The Securities and Exchange Commission announced Monday that Mark J. Flannery will be the agency’s new chief economist and director of its Division of Economic and Risk Analysis.
Flannery, who is currently a finance professor at the University of Florida’s Warrington School of Business Administration, will begin his new post in September.
DERA, created in 2009 to act as the SEC’s economic think tank, provides interdisciplinary analysis to help inform the Commission’s policymaking, rulemaking, enforcement and examinations.
“Professor Flannery is a widely respected economist with extensive experience in many areas relevant to the SEC’s mission, including the regulation of financial institutions, corporate finance, private funds, and credit ratings agencies,” said SEC Chairwoman Mary Jo White, in a statement. “His decades of research experience in the field of financial economics, as well as his work with other financial regulators, will be valuable assets as he leads the Commission’s strong team of economists.”
Flannery replaces Craig M. Lewis, who returned to his post as a professor of finance at Vanderbilt University’s Owen Graduate School of Management. Since Lewis left in May, deputy directors Scott Bauguess and Jennifer Marietta-Westberg have acted as co-directors of the division.
The SEC notes that DERA staffers have expertise in disciplines including economics, risk analysis, finance, law, mathematics and statistics, and that due to an increase in the number of complex matters before DERA, its staff has grown to nearly 100, up from 60 in 2011, with further expansion planned for 2014.

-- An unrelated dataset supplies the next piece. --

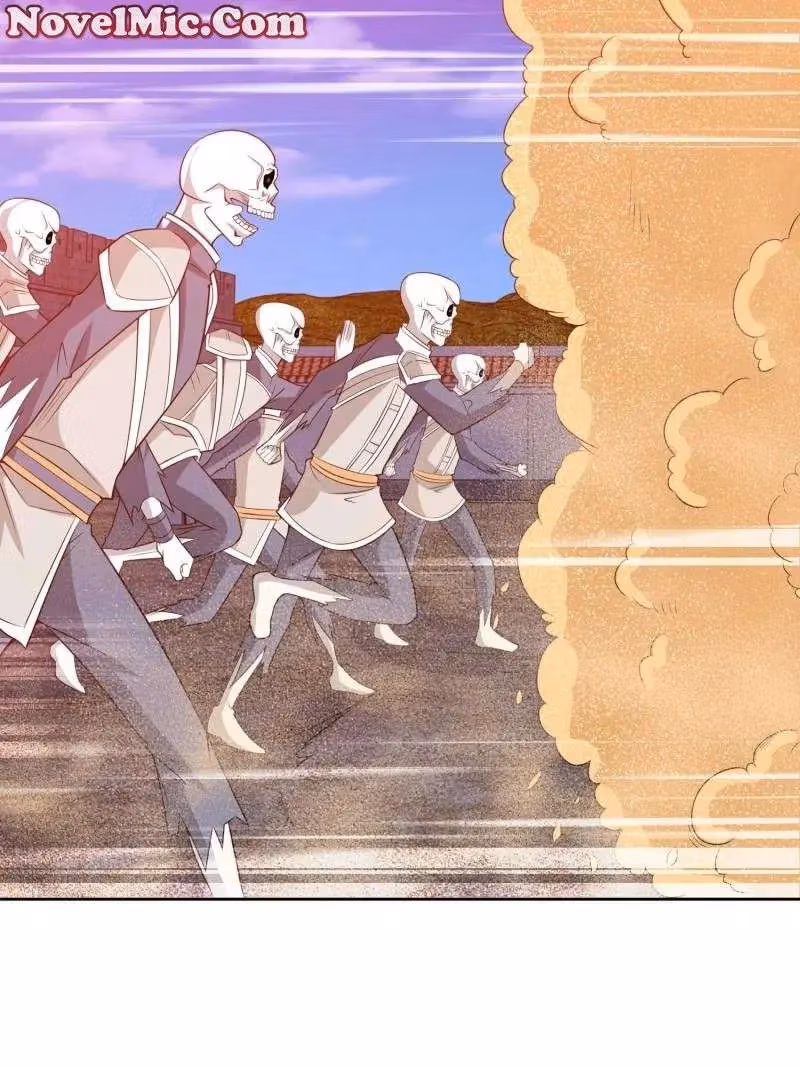 I Become A Villain In My Novel Chapter 562 page 43 -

Some of DERA’s recent activities include providing economic analysis for the Commission’s cross-border security-based swap rules and guidance, writing white papers on topics such as over-the-counter trading and the interconnectedness in the credit default swaps market that help the Commission better understand activity in these markets, and providing analysis on enforcement actions involving market manipulation, insider trading and accounting fraud.